Dazu noch dieses: „Ich bin der Staat (‚L’État, c’est moi‘) hat Louis XIV. zwar nie gesagt, aber es ist gleichwohl der harte Kern seines Selbstverständnisses als Herrscher, nach der er stets gehandelt hat.“

Nichtsdestotrotz, und so schließt Johannes Willms: „Die Erinnerung an sein Regime leistet bis heute einen enormen Beitrag zur nationalen Selbstvergewisserung Frankreichs.“ Wo man mindestens in der politischen Elite und nicht zuletzt wegen des Sonnenkönigs ohne Anflüge von Selbstzweifeln eine Attitüde pflegt, die der eigentlich nur im Ausland gebräuchlichen Attribuierung als La Grande Nation nie widersprechen würde.
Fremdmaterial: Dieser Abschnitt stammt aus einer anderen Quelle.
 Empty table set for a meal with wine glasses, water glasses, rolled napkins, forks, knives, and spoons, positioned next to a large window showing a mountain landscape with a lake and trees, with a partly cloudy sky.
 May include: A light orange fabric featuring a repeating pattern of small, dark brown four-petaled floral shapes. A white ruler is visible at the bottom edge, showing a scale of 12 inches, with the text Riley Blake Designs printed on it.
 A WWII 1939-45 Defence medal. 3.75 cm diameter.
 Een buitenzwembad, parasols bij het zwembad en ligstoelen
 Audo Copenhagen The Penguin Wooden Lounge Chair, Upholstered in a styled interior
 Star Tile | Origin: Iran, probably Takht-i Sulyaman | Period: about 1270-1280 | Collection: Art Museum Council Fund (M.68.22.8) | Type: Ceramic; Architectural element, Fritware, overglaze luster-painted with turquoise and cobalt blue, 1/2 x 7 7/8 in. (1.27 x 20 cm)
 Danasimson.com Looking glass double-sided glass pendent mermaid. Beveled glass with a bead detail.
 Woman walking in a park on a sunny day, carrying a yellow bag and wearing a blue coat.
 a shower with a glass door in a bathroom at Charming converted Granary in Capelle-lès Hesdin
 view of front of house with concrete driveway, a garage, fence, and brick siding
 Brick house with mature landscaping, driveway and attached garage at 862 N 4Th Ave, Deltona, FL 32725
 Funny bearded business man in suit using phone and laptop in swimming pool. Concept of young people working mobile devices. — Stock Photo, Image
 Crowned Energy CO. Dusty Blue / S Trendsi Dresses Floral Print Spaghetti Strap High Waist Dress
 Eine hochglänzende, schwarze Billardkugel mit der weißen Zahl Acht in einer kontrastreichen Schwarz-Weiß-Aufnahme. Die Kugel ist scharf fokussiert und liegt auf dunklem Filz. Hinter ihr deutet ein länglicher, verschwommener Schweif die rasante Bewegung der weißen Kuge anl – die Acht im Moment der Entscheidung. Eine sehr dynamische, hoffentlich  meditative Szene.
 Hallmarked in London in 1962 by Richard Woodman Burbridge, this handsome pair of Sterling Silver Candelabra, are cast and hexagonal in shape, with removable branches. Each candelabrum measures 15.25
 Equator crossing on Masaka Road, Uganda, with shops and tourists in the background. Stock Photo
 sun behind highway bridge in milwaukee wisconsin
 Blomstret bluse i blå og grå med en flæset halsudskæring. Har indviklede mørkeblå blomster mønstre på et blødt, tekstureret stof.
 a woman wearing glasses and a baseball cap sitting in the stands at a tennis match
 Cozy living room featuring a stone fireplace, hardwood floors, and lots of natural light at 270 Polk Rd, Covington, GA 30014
Obwohl dazu mindestens seit Louis XIV. Anlass ohne Unterlass bestände …

Alles in allem – ein höchst lesenswertes Buch.

Cum grano salis – dass der Verlag sich entschieden hat, die zahlreichen Abbildungen ausschließlich in weitgehend gräulichem Schwarz-Weiß zu präsentieren, nimmt dem Band einiges von seinem Charme. Nicht zuletzt angesichts des Preises.

PS: Mit dem Sterben Louis’ XIV. – das kein plötzliches war, sondern sich über Wochen hinzog – sehr viel eingehender als Johannes Willms beschäftigt hat sich Jahrzehnte früher Karl Zuchardt. Seine brillante Novelle „1715. Ludwig von Frankreich“ findet sich in dem Sammelband „Die Stunde der Wahrheit. Abschied und Ende“, der überdies ebenso psychologisch überzeugende Erzählungen zum Ableben Heinrichs VIII. (England), Philipps II. (Spanien) und Friedrichs des Großen (Preußen) enthält. Das Buch war in der DDR ein Bestseller mit zehn Auflagen allein beim Mitteldeutschen Verlag in Halle an der Saale. Und keiner einzigen Auflage mehr nach 1990. Doch antiquarisch zu haben ist es nach wie vor.

Johannes Willms: Louis XIV. Der Sonnenkönig und seine Zeit, C.H. Beck, München 2023, 532 Seiten, 36,00 Euro.